O próprio Vogt não hesitou em criticar a decisão da GM, desferindo um ataque na plataforma X, afirmando que “caso não estivesse claro antes, agora é evidente: a GM é um bando de tolos.” Em outra reviravolta, em novembro, a Cruise admitiu ter apresentado um relatório falso na tentativa de influenciar uma investigação federal sobre um incidente de segurança no ano anterior, resultando em uma multa criminal de 500 mil dólares conforme acordo de não persecução oferecido pelo Departamento de Justiça.

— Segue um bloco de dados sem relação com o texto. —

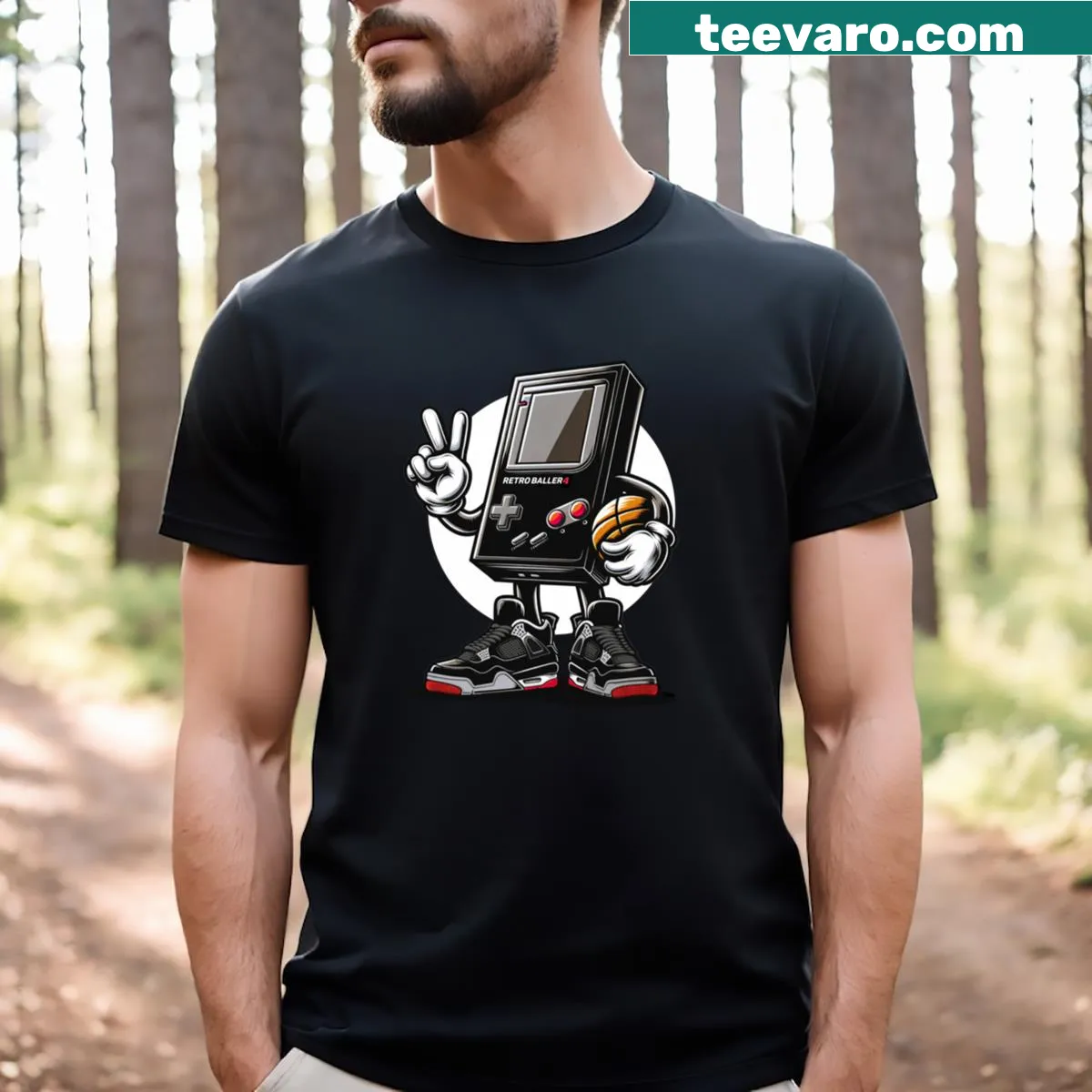 Vintage-inspired Retro Baller 4 t-shirt design — on a men's t-shirt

Em conclusão, o movimento da GM para abandonar o desenvolvimento de negócios de robotáxis representa não apenas um desvio significativo na sua estratégia, mas também um reflexo das dificuldades enfrentadas na indústria de veículos autônomos. À medida que a empresa se concentra em soluções autônomas que podem ser integradas nas linhas de produção existente, fica a pergunta: será que essa mudança levará a GM a um futuro mais promissor em um campo tão desafiador e competitivo?